Unless otherwise noted, the effective date for these proposals would be after Dec. 31, 2021.
Many of these credits add the taxpayer’s ability to elect cash payments in lieu of the section 38 general business credit. This addition could result in fewer investment strategies that are currently used to modify the credit and increase business’s ability to claim the credit on their own.
American Families Plan
The Greenbook proposes an increase in the highest tax rate on ordinary income back to levels that existed prior to the enactment of the Tax Cuts and Jobs Act in 2017. This would bring the highest ordinary income from rate from 37% to 39.6%. For married individuals filing a joint return this top rate would apply to taxable income over $509,300 ($452,700 for unmarried individuals, $481,000 for head of household, $254,650 for married individuals filing separately). This proposal would be effective for taxable years beginning after Dec. 31, 2021.

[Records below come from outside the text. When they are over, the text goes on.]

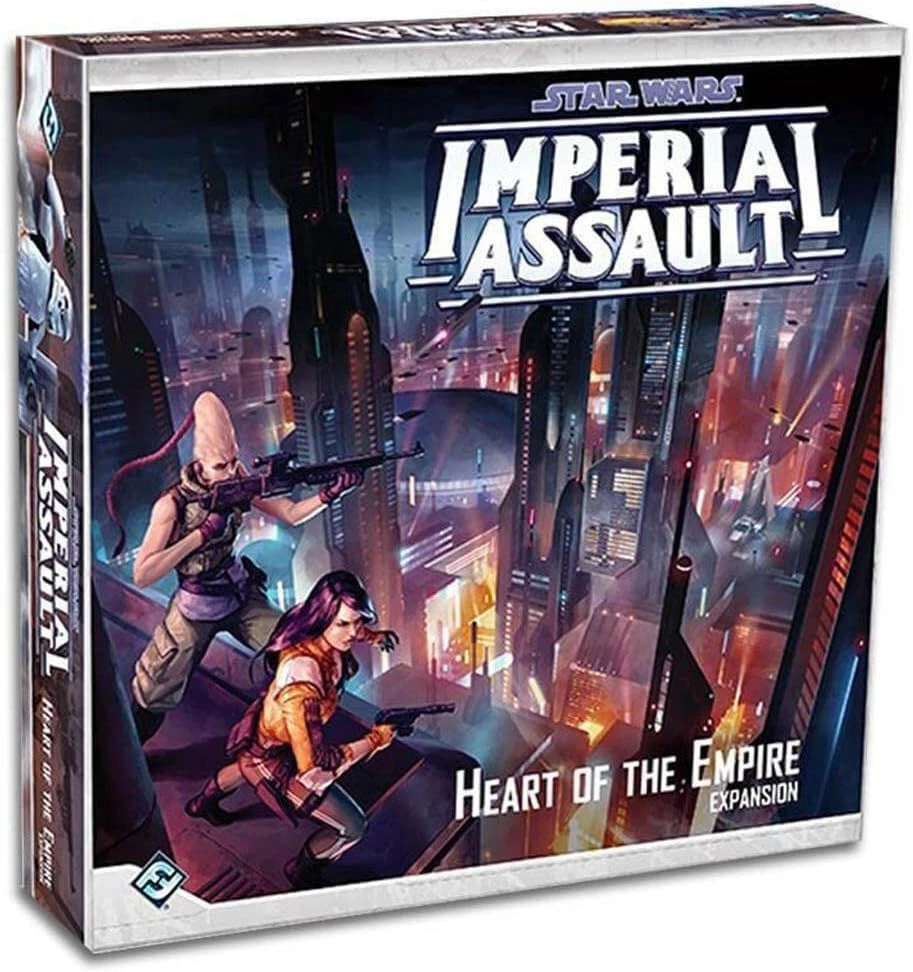 Preços baixos em Star Wars Imperial Assault Jogos tradicionais e
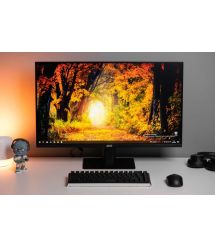 2E Монітор LCD 27" F2723B D-Sub, HDMI, IPS, 75Hz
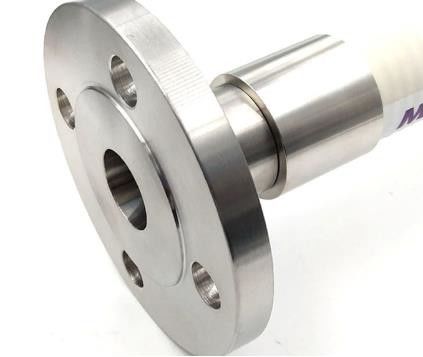 Forged EN16 40mm Stainless Steel Hose Couplings Hose Flange Connection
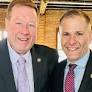 Molinaro launches grand return to New York politics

Reforming the taxation of capital income
The Greenbook includes a dramatic change in the taxation of capital gains and qualified dividends effective as of the date of introduction, presumed to be April 28, 2021 (the Administration’s introduction of the American Families Plan). This proposal would increase the current 20% rate on capital gain income to the highest ordinary income tax rate (currently 37%, 40.8% including the net investment income tax) for individuals with more than $1 million ($500,000 for married filing separately) of adjusted gross income.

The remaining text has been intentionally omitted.